- Opening Delimiter -

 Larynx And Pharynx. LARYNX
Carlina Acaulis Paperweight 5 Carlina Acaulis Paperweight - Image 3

- Closing Delimiter -
- Opening Delimiter -

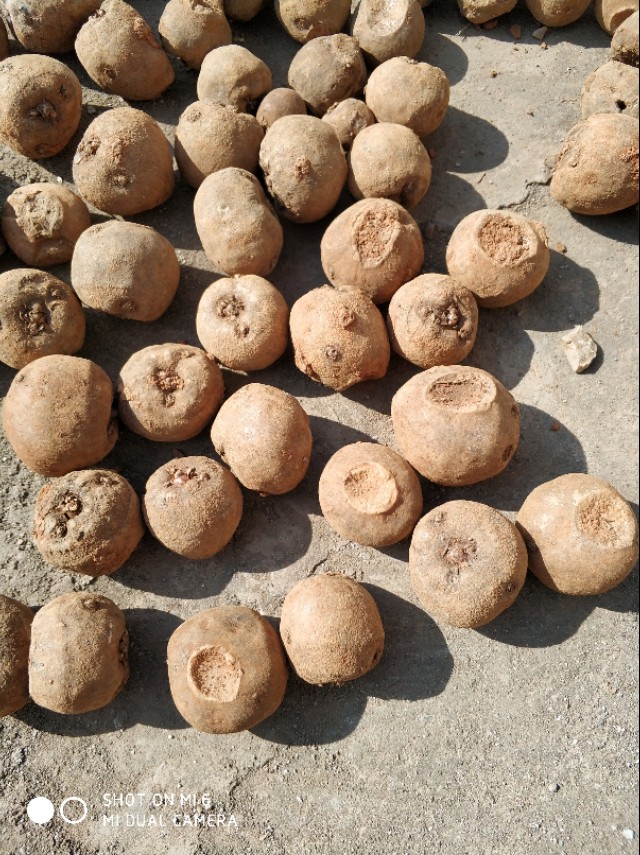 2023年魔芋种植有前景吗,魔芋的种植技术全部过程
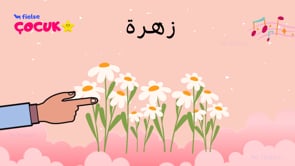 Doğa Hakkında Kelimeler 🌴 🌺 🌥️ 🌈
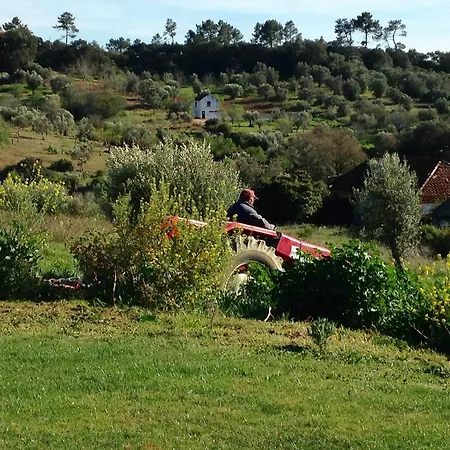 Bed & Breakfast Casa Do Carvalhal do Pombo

- Closing Delimiter -

The task »
Using the data above, retype exactly and only the lines from the one containing "Doğa Hakkında Kelimeler 🌴 🌺 🌥️ 🌈" up to and including the one containing "Bed & Breakfast Casa Do Carvalhal do Pombo", with no pictures carried over.

Response »
 Doğa Hakkında Kelimeler 🌴 🌺 🌥️ 🌈
 Bed & Breakfast Casa Do Carvalhal do Pombo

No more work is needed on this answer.